**About this exercise:**
Give the entries again, exactly as they stand.

**Provided data:**

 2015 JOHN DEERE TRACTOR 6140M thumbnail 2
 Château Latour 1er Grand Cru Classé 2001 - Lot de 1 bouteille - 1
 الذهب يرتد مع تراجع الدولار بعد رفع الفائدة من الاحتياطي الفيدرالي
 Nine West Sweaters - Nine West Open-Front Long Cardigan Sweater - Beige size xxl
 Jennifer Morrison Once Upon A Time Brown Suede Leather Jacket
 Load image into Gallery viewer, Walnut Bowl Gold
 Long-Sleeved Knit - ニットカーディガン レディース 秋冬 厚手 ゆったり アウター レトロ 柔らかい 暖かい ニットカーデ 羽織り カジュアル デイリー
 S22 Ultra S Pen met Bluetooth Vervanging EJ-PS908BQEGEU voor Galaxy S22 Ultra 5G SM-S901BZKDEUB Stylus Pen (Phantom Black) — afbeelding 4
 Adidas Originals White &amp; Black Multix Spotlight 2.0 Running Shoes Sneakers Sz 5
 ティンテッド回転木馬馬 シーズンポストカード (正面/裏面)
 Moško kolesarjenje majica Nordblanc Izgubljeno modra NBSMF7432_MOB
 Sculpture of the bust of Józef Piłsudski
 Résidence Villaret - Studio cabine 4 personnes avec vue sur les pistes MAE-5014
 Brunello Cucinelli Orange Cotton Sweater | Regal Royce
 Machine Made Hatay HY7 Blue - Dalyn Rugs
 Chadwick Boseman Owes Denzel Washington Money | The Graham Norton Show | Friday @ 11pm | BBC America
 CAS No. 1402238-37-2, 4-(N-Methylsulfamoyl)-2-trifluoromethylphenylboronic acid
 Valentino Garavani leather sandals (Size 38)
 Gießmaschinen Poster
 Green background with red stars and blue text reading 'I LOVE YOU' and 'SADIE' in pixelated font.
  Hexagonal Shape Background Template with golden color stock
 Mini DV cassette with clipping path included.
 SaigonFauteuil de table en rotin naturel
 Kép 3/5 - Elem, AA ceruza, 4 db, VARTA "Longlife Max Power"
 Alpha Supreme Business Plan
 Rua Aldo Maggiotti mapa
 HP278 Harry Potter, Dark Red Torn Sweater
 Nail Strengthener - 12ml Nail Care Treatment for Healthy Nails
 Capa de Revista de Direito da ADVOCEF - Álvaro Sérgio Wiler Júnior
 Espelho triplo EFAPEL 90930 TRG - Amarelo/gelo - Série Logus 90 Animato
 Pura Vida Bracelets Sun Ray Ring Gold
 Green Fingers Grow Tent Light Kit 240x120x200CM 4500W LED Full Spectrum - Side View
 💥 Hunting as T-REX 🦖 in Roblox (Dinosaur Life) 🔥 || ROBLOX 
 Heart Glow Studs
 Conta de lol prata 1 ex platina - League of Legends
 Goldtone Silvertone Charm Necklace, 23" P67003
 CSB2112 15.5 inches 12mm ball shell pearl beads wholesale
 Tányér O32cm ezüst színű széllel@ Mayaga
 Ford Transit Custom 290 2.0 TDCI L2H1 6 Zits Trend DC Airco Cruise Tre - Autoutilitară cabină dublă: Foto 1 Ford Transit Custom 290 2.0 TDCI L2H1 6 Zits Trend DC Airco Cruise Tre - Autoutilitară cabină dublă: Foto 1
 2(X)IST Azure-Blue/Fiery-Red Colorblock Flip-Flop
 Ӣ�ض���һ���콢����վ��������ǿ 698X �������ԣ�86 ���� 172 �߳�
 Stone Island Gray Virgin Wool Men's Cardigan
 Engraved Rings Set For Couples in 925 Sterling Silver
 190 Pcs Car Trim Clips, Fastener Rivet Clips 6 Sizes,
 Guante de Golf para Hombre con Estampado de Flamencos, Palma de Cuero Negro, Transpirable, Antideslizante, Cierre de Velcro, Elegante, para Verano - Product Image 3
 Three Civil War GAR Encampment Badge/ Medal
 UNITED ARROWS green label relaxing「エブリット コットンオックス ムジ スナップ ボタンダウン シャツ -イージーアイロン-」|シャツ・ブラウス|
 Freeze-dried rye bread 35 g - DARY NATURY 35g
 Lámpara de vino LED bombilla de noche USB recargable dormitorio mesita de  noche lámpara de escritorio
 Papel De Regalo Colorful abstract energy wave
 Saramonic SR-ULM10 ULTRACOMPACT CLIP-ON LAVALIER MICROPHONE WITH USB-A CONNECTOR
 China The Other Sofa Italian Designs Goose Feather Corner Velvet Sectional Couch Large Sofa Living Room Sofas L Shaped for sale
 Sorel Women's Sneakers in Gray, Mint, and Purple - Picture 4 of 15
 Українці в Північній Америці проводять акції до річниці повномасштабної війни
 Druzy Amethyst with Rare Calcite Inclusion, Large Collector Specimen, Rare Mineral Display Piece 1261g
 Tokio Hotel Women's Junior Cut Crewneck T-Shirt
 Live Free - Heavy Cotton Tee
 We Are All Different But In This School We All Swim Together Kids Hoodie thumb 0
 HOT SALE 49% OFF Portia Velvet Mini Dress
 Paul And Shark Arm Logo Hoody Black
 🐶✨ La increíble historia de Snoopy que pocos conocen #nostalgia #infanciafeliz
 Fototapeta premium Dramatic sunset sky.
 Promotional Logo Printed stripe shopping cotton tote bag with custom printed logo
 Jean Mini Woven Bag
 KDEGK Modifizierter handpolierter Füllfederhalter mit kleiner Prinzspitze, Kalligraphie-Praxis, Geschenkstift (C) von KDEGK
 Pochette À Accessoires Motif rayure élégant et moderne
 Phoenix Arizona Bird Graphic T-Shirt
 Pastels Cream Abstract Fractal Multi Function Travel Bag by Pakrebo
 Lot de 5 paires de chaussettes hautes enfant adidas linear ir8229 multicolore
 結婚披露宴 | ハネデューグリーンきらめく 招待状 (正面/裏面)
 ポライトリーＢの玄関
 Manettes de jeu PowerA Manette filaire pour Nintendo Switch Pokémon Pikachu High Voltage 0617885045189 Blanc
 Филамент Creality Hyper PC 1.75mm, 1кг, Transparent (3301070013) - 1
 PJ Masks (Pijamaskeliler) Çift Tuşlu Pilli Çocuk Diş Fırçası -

**Written answer:**
 2015 JOHN DEERE TRACTOR 6140M thumbnail 2
 Château Latour 1er Grand Cru Classé 2001 - Lot de 1 bouteille - 1
 الذهب يرتد مع تراجع الدولار بعد رفع الفائدة من الاحتياطي الفيدرالي
 Nine West Sweaters - Nine West Open-Front Long Cardigan Sweater - Beige size xxl
 Jennifer Morrison Once Upon A Time Brown Suede Leather Jacket
 Load image into Gallery viewer, Walnut Bowl Gold
 Long-Sleeved Knit - ニットカーディガン レディース 秋冬 厚手 ゆったり アウター レトロ 柔らかい 暖かい ニットカーデ 羽織り カジュアル デイリー
 S22 Ultra S Pen met Bluetooth Vervanging EJ-PS908BQEGEU voor Galaxy S22 Ultra 5G SM-S901BZKDEUB Stylus Pen (Phantom Black) — afbeelding 4
 Adidas Originals White &amp; Black Multix Spotlight 2.0 Running Shoes Sneakers Sz 5
 ティンテッド回転木馬馬 シーズンポストカード (正面/裏面)
 Moško kolesarjenje majica Nordblanc Izgubljeno modra NBSMF7432_MOB
 Sculpture of the bust of Józef Piłsudski
 Résidence Villaret - Studio cabine 4 personnes avec vue sur les pistes MAE-5014
 Brunello Cucinelli Orange Cotton Sweater | Regal Royce
 Machine Made Hatay HY7 Blue - Dalyn Rugs
 Chadwick Boseman Owes Denzel Washington Money | The Graham Norton Show | Friday @ 11pm | BBC America
 CAS No. 1402238-37-2, 4-(N-Methylsulfamoyl)-2-trifluoromethylphenylboronic acid
 Valentino Garavani leather sandals (Size 38)
 Gießmaschinen Poster
 Green background with red stars and blue text reading 'I LOVE YOU' and 'SADIE' in pixelated font.
  Hexagonal Shape Background Template with golden color stock
 Mini DV cassette with clipping path included.
 SaigonFauteuil de table en rotin naturel
 Kép 3/5 - Elem, AA ceruza, 4 db, VARTA "Longlife Max Power"
 Alpha Supreme Business Plan
 Rua Aldo Maggiotti mapa
 HP278 Harry Potter, Dark Red Torn Sweater
 Nail Strengthener - 12ml Nail Care Treatment for Healthy Nails
 Capa de Revista de Direito da ADVOCEF - Álvaro Sérgio Wiler Júnior
 Espelho triplo EFAPEL 90930 TRG - Amarelo/gelo - Série Logus 90 Animato
 Pura Vida Bracelets Sun Ray Ring Gold
 Green Fingers Grow Tent Light Kit 240x120x200CM 4500W LED Full Spectrum - Side View
 💥 Hunting as T-REX 🦖 in Roblox (Dinosaur Life) 🔥 || ROBLOX 
 Heart Glow Studs
 Conta de lol prata 1 ex platina - League of Legends
 Goldtone Silvertone Charm Necklace, 23" P67003
 CSB2112 15.5 inches 12mm ball shell pearl beads wholesale
 Tányér O32cm ezüst színű széllel@ Mayaga
 Ford Transit Custom 290 2.0 TDCI L2H1 6 Zits Trend DC Airco Cruise Tre - Autoutilitară cabină dublă: Foto 1 Ford Transit Custom 290 2.0 TDCI L2H1 6 Zits Trend DC Airco Cruise Tre - Autoutilitară cabină dublă: Foto 1
 2(X)IST Azure-Blue/Fiery-Red Colorblock Flip-Flop
 Ӣ�ض���һ���콢����վ��������ǿ 698X �������ԣ�86 ���� 172 �߳�
 Stone Island Gray Virgin Wool Men's Cardigan
 Engraved Rings Set For Couples in 925 Sterling Silver
 190 Pcs Car Trim Clips, Fastener Rivet Clips 6 Sizes,
 Guante de Golf para Hombre con Estampado de Flamencos, Palma de Cuero Negro, Transpirable, Antideslizante, Cierre de Velcro, Elegante, para Verano - Product Image 3
 Three Civil War GAR Encampment Badge/ Medal
 UNITED ARROWS green label relaxing「エブリット コットンオックス ムジ スナップ ボタンダウン シャツ -イージーアイロン-」|シャツ・ブラウス|
 Freeze-dried rye bread 35 g - DARY NATURY 35g
 Lámpara de vino LED bombilla de noche USB recargable dormitorio mesita de  noche lámpara de escritorio
 Papel De Regalo Colorful abstract energy wave
 Saramonic SR-ULM10 ULTRACOMPACT CLIP-ON LAVALIER MICROPHONE WITH USB-A CONNECTOR
 China The Other Sofa Italian Designs Goose Feather Corner Velvet Sectional Couch Large Sofa Living Room Sofas L Shaped for sale
 Sorel Women's Sneakers in Gray, Mint, and Purple - Picture 4 of 15
 Українці в Північній Америці проводять акції до річниці повномасштабної війни
 Druzy Amethyst with Rare Calcite Inclusion, Large Collector Specimen, Rare Mineral Display Piece 1261g
 Tokio Hotel Women's Junior Cut Crewneck T-Shirt
 Live Free - Heavy Cotton Tee
 We Are All Different But In This School We All Swim Together Kids Hoodie thumb 0
 HOT SALE 49% OFF Portia Velvet Mini Dress
 Paul And Shark Arm Logo Hoody Black
 🐶✨ La increíble historia de Snoopy que pocos conocen #nostalgia #infanciafeliz
 Fototapeta premium Dramatic sunset sky.
 Promotional Logo Printed stripe shopping cotton tote bag with custom printed logo
 Jean Mini Woven Bag
 KDEGK Modifizierter handpolierter Füllfederhalter mit kleiner Prinzspitze, Kalligraphie-Praxis, Geschenkstift (C) von KDEGK
 Pochette À Accessoires Motif rayure élégant et moderne
 Phoenix Arizona Bird Graphic T-Shirt
 Pastels Cream Abstract Fractal Multi Function Travel Bag by Pakrebo
 Lot de 5 paires de chaussettes hautes enfant adidas linear ir8229 multicolore
 結婚披露宴 | ハネデューグリーンきらめく 招待状 (正面/裏面)
 ポライトリーＢの玄関
 Manettes de jeu PowerA Manette filaire pour Nintendo Switch Pokémon Pikachu High Voltage 0617885045189 Blanc
 Филамент Creality Hyper PC 1.75mm, 1кг, Transparent (3301070013) - 1
 PJ Masks (Pijamaskeliler) Çift Tuşlu Pilli Çocuk Diş Fırçası -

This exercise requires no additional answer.